§ REQUIRED ACTION:
Would you output the entries below only from the line containing "Jessica Chenoweth's Instagram, Twitter" through the line containing "Se dispone el", exactly as they stand and with both ends included?
Start of AVAILABLE RECORDS
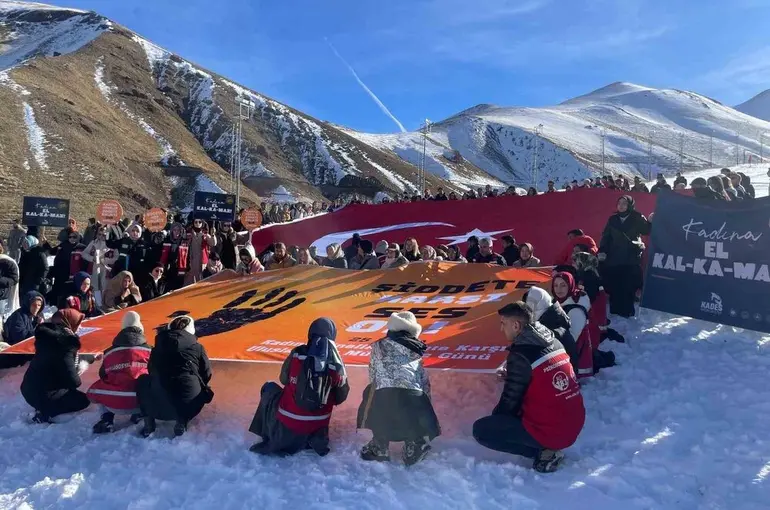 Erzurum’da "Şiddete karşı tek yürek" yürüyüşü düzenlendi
End of AVAILABLE RECORDS
Start of AVAILABLE RECORDS
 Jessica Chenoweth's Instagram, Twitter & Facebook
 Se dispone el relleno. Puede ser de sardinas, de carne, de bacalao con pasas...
End of AVAILABLE RECORDS
§ RESPONSE TO THE EXERCISE:
 Jessica Chenoweth's Instagram, Twitter & Facebook
 Se dispone el relleno. Puede ser de sardinas, de carne, de bacalao con pasas...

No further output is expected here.